> **Task requirements**
From the first line to the last, transcribe the data exactly.

> **Supplied data**
○ ○ ○ ○ ○ ○ ○
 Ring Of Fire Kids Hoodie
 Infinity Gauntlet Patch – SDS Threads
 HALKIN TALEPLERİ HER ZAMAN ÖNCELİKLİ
○ ○ ○ ○ ○ ○ ○
> **Your response**
 Ring Of Fire Kids Hoodie
 Infinity Gauntlet Patch – SDS Threads
 HALKIN TALEPLERİ HER ZAMAN ÖNCELİKLİ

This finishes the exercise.